// the find
plastic-labs/honcho
Memory library for building stateful agents
Honcho is a memory-as-a-service layer for AI agents — it stores conversations, runs background reasoning to build per-peer representations, and exposes those representations back to your LLM calls. It's aimed at developers who want agents that remember users across sessions without rebuilding that infrastructure themselves. You can run it managed or self-host the FastAPI server.
The peer model is the right abstraction — treating users and agents as first-class symmetric entities makes multi-agent sessions work naturally rather than being bolted on. Background async reasoning (the 'deriver') means you're not paying inference latency on every request; the static representation endpoint gives you a sub-LLM-latency path for injecting context.
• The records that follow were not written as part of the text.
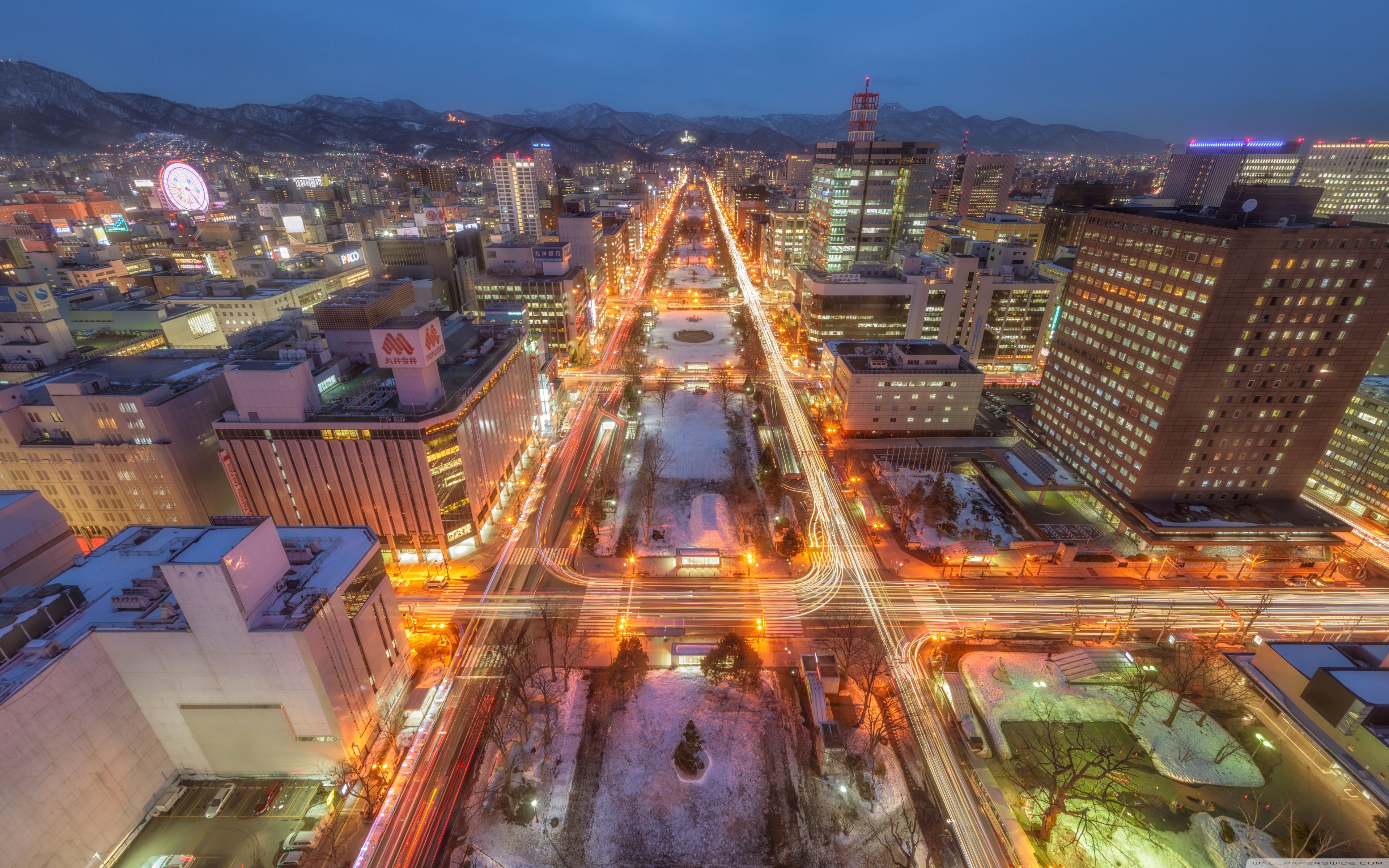 Sapporo Wallpapers Wallpaper Cave
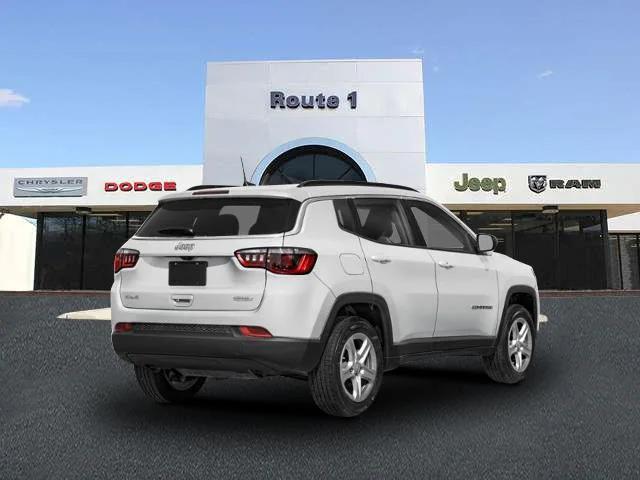 2024 Jeep Compass COMPASS LATITUDE 4X4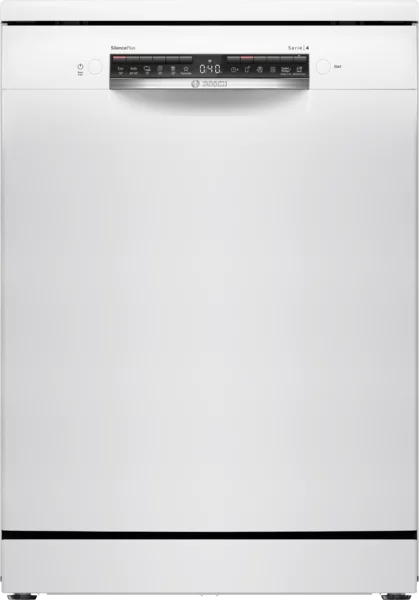 Bosch SER4 SMS4EVW08E Freistehender Geschirrspüler 60 cm Weiß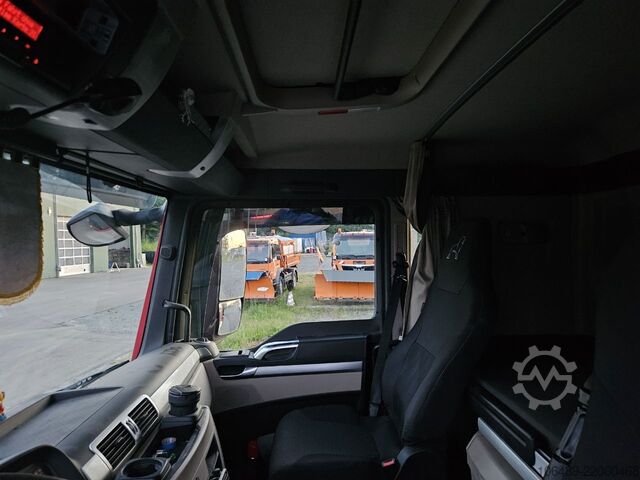 štandardný ťahač MAN TGS 18.470 4x4 Hydrodrive BL
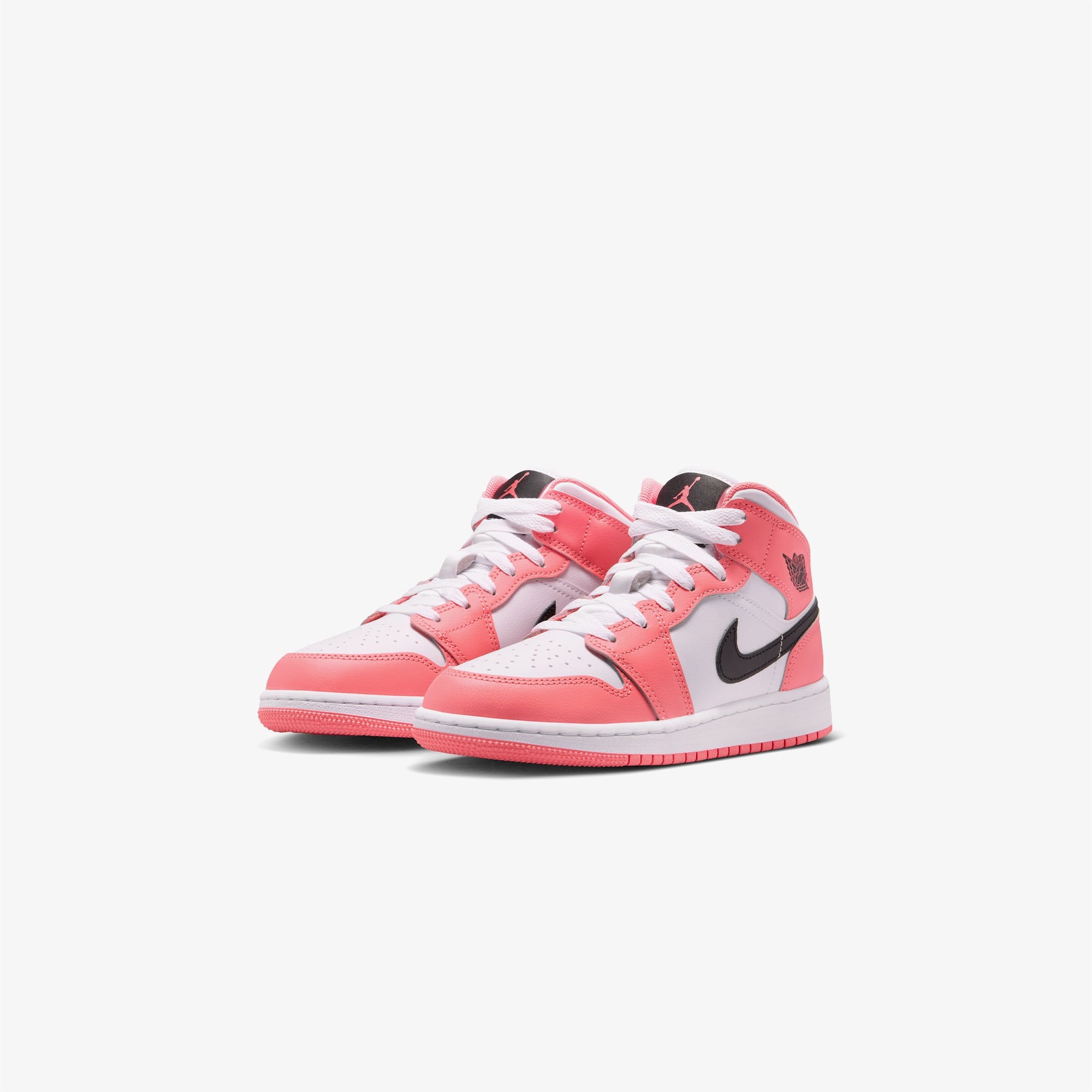 Jordan Air 1 Mid Pembe Spor Ayakkabı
The hybrid BM25 + vector search is a real improvement over pure embedding similarity, which fails on exact names and keywords. The SDK ergonomics are genuinely clean — `session.context().to_openai()` is the right interface; you shouldn't have to think about prompt assembly.
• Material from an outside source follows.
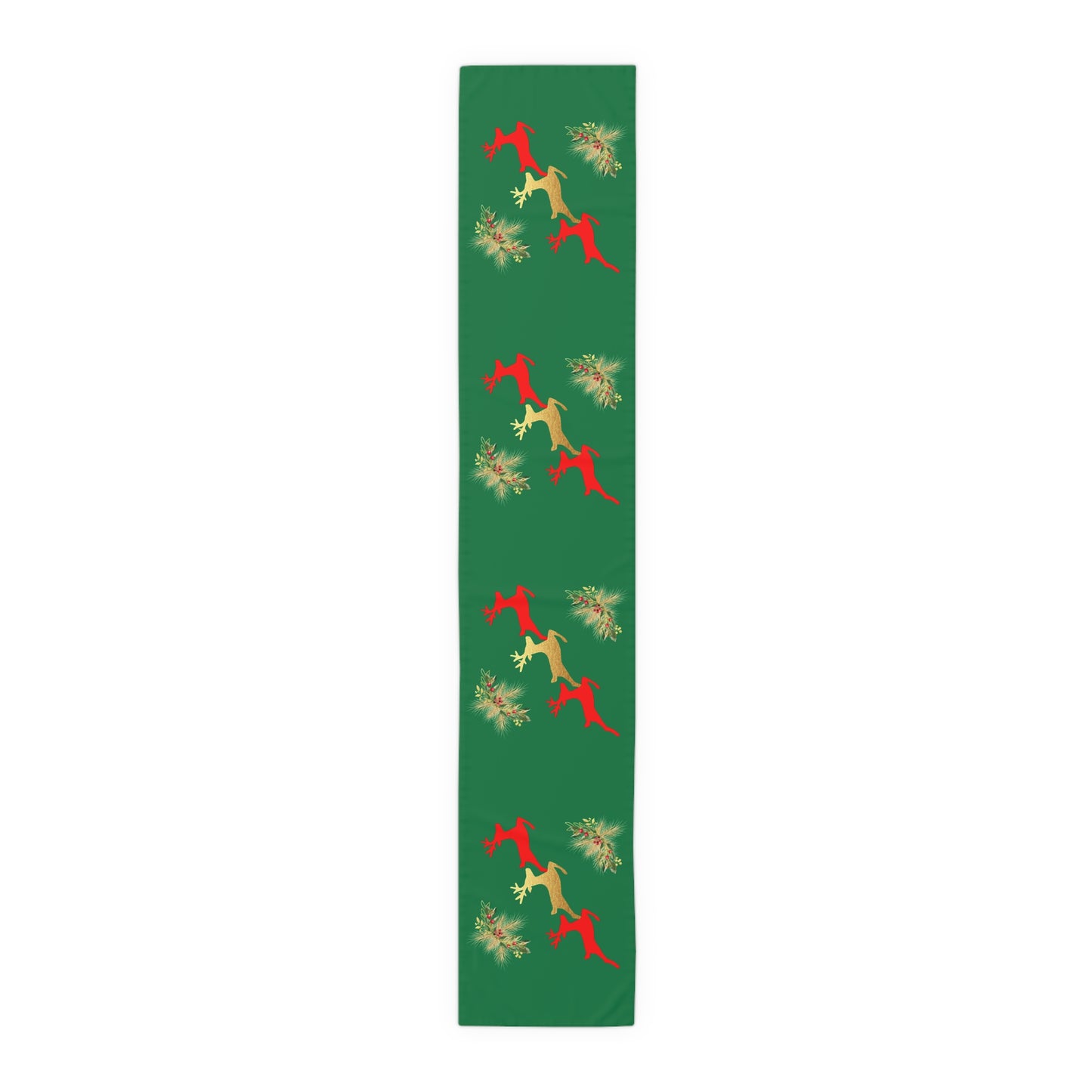 Reindeer Fun - Table Runner (Cotton, Poly)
AGPL-3.0 is a hard no for most commercial products — if you self-host and expose Honcho as part of a SaaS, your code is effectively open-sourced. The reasoning pipeline is a black box: you can query what Honcho 'knows' but you can't inspect the intermediate deduction steps or audit why a wrong conclusion was formed, which matters when the agent says something wrong about a user. Multi-provider LLM dependency at inference time (Gemini for derivation, Anthropic for reasoning, OpenAI for embeddings by default) means three separate API keys and three separate failure surfaces just to run the basic pipeline. Version history shows major API churn — v1 had Apps/Users, v2 had Peers/Observations, v3 renamed things again — early adopters have migrated twice and the migration guides suggest it's not fully mechanical.